→ **TASK DETAILS**
Using the records below, return exactly the lines from the one containing "Gwyneth Bath Time GIF" through the last, and omit pictures.

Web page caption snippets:
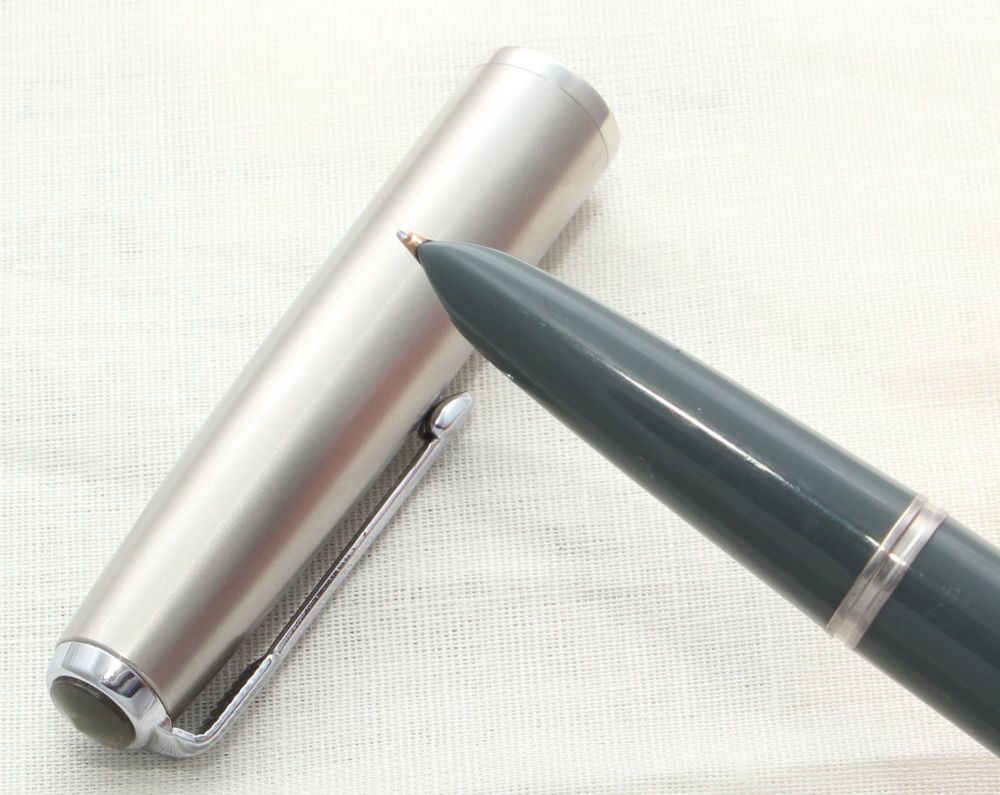 8655 Parker 51 Aerometric in Grey with a lustraloy cap. Smooth Fine Nib.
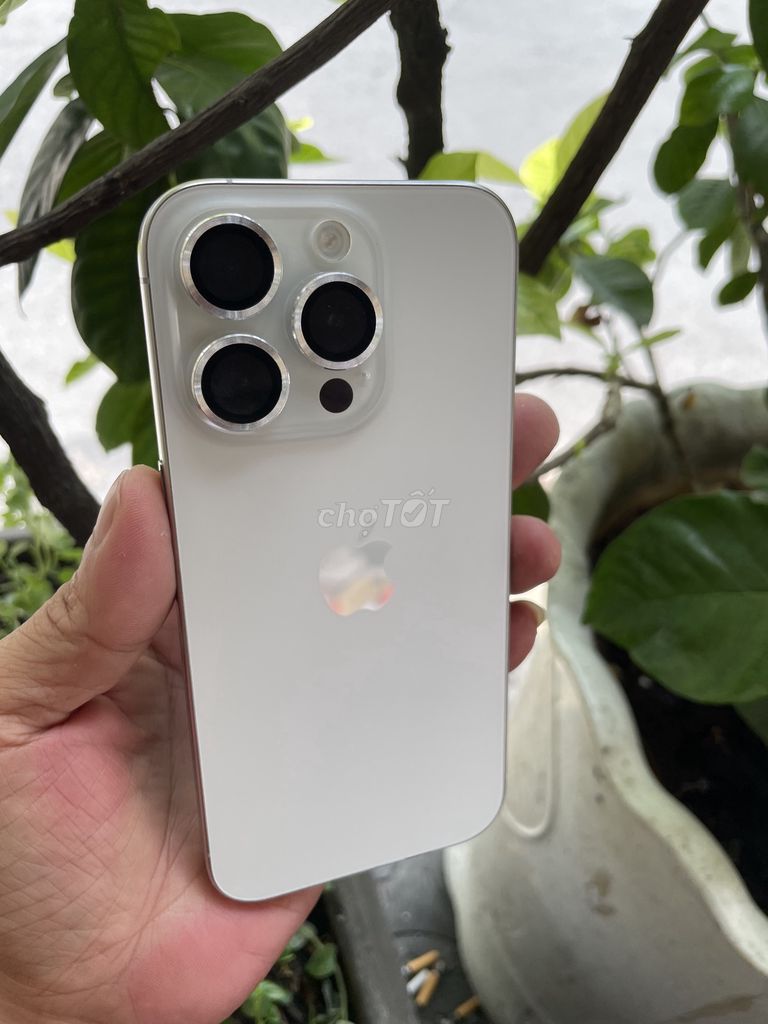 Apple iPhone 15 Pro 128GB Trắng Mới pin 94 đẹp 99. Mua bán Điện thoại tại Quận Bình Thạnh Tp Hồ Chí Minh được đăng bởi Triệu VY hình 1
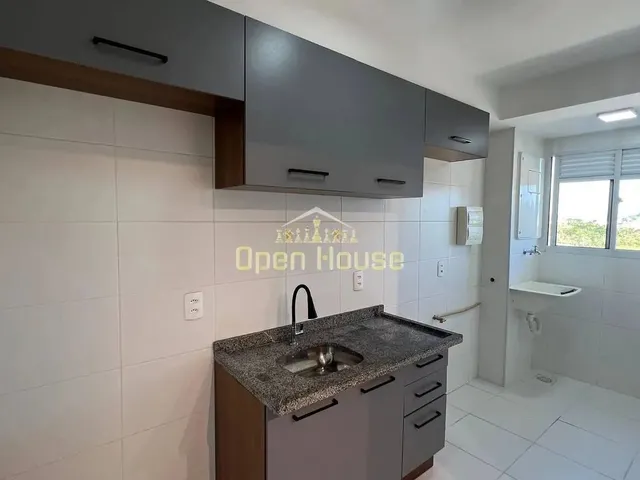 Imagem: O apartamento possui 2 Dormitórios, 2 Banheiros, 1 Vaga na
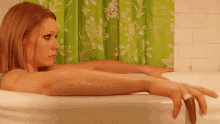 Gwyneth Bath Time GIF - Gwyneth Bath Time Tenenbaum GIFs
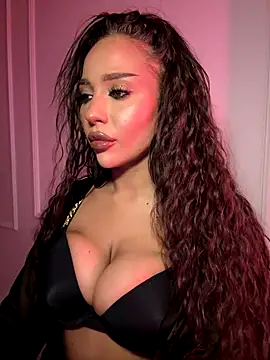 Snapshot of CardiSweetBaby chatting on November 14, 2025, 2:10 pm CardiSweetBaby online show from November 14, 2025, 2:10 pm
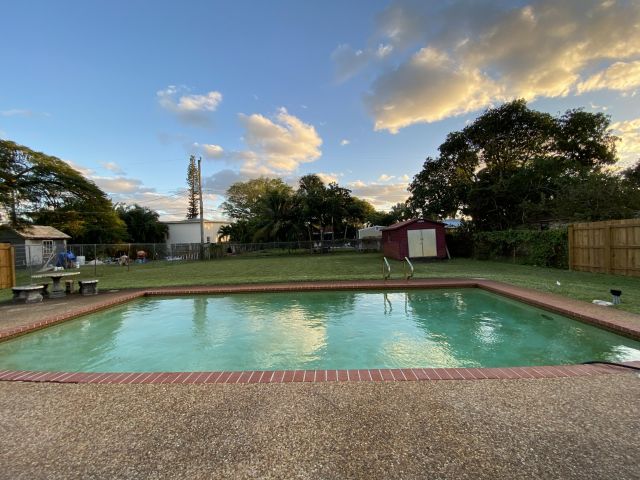 Дом в аренду по адресу 124 NW 9th Street - фото 6650848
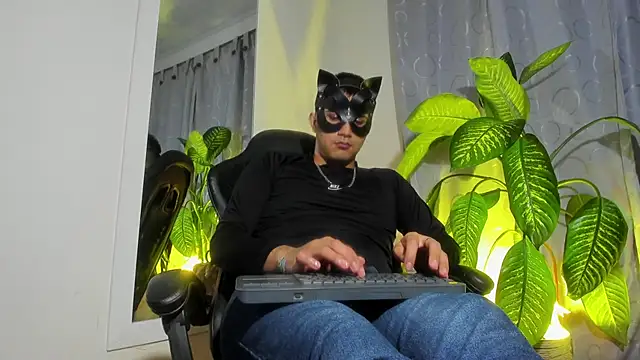 Chris Maddox online show from January 22, 4:34 am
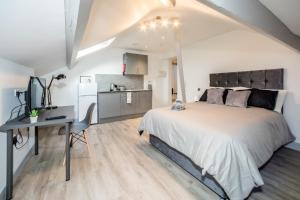 Essential Studio in the Heart of Huddersfield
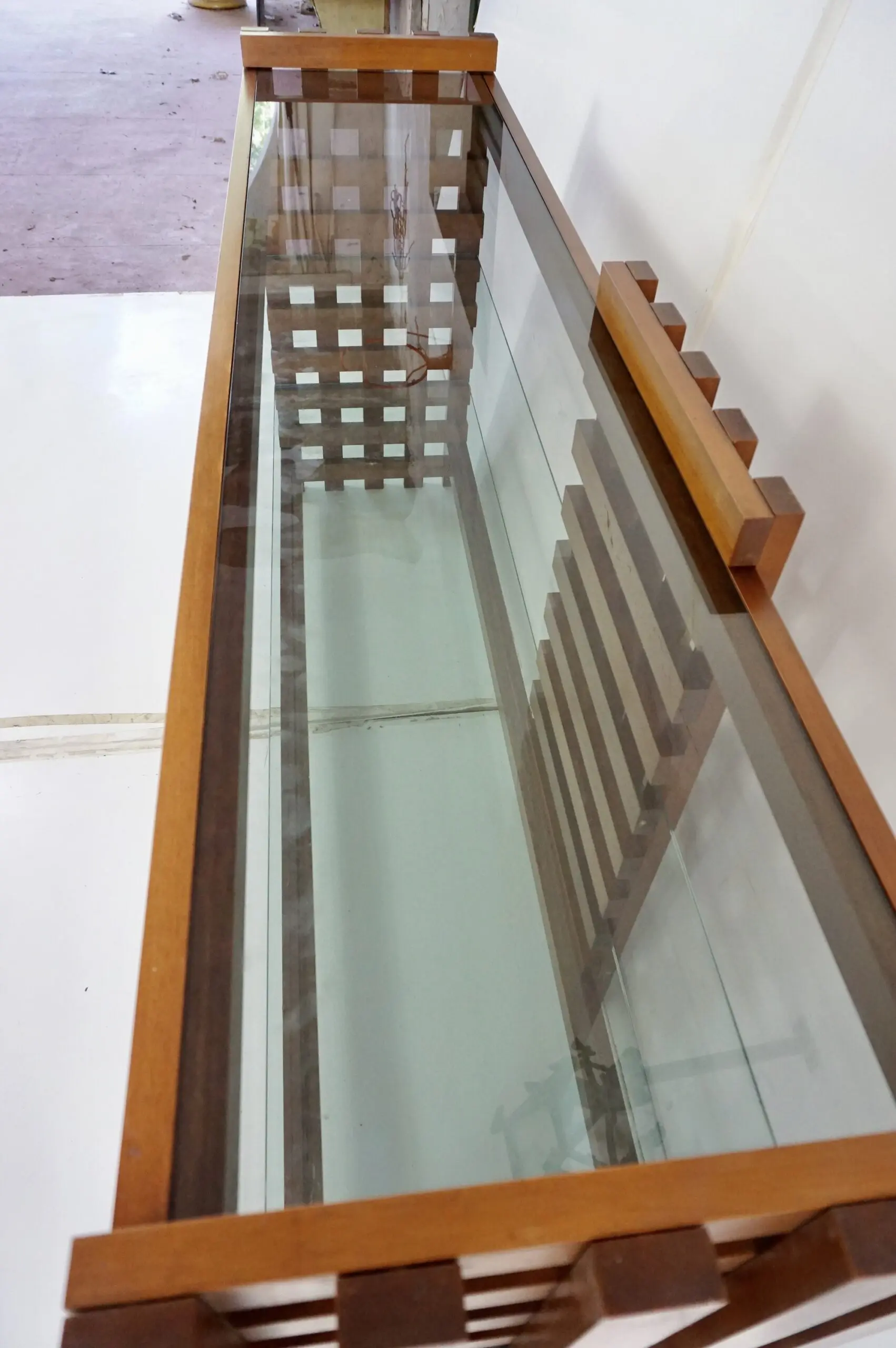 large rationalist bookcase attr. Massimo Vignelli, walnut and glass,1970 — photo 11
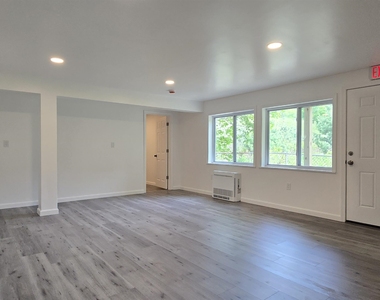 1578 Dover - Photo Thumbnail 6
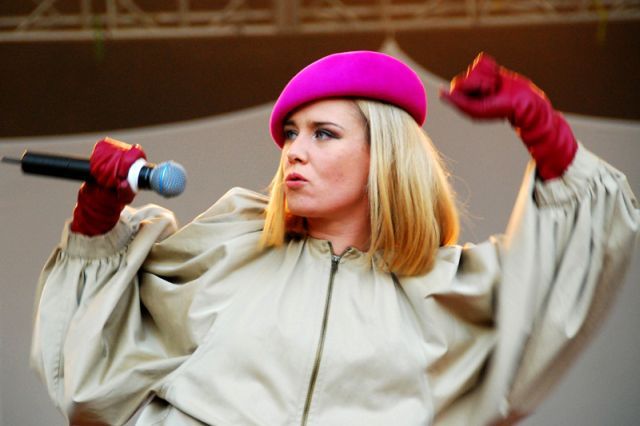 Lady Gaga vs Roisin Murphy (39 pics)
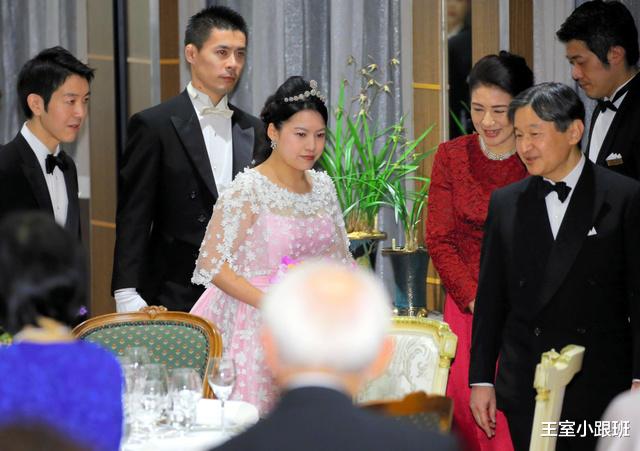 日本皇室|真子参加的皇室婚宴，绚子大婚她和姑姑开心聊天，清子婚礼乖巧可爱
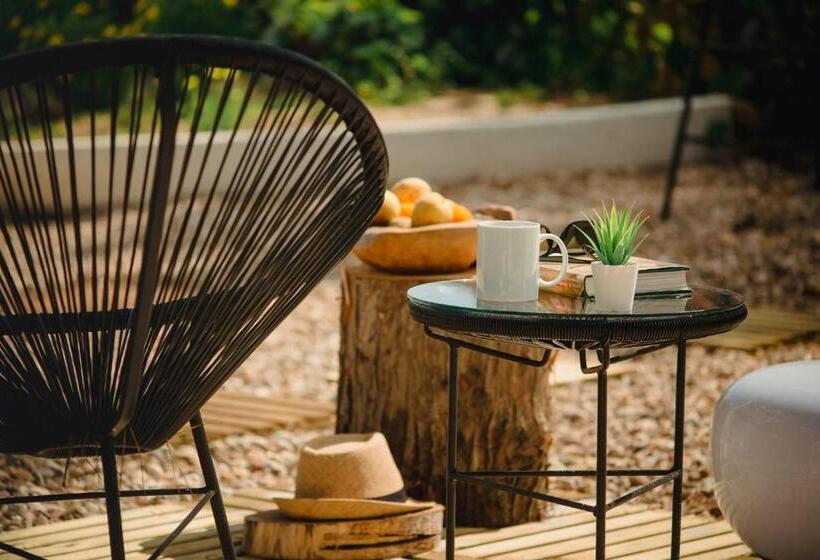 پانسیون A House In Estoril  Adults Only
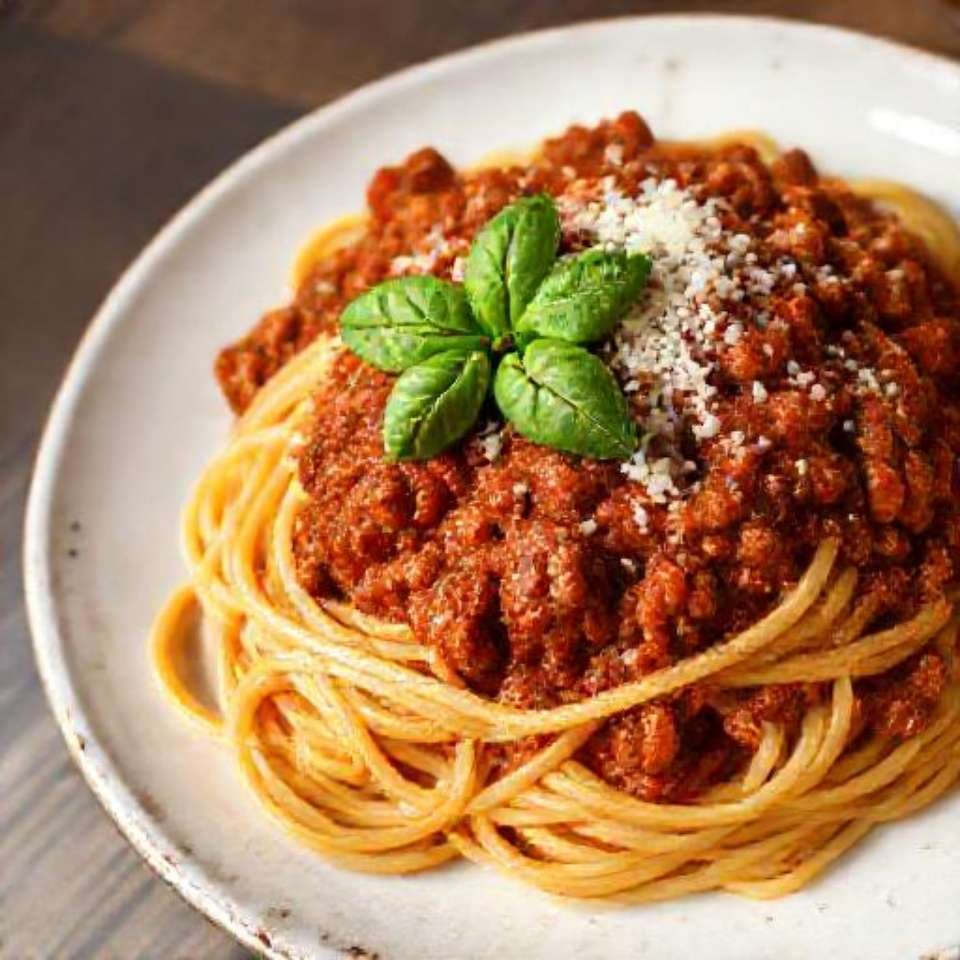 Classic Spaghetti Bolognese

→ **RESULT**
 Gwyneth Bath Time GIF - Gwyneth Bath Time Tenenbaum GIFs
 Snapshot of CardiSweetBaby chatting on November 14, 2025, 2:10 pm CardiSweetBaby online show from November 14, 2025, 2:10 pm
 Дом в аренду по адресу 124 NW 9th Street - фото 6650848
 Chris Maddox online show from January 22, 4:34 am
 Essential Studio in the Heart of Huddersfield
 large rationalist bookcase attr. Massimo Vignelli, walnut and glass,1970 — photo 11
 1578 Dover - Photo Thumbnail 6
 Lady Gaga vs Roisin Murphy (39 pics)
 日本皇室|真子参加的皇室婚宴，绚子大婚她和姑姑开心聊天，清子婚礼乖巧可爱
 پانسیون A House In Estoril  Adults Only
 Classic Spaghetti Bolognese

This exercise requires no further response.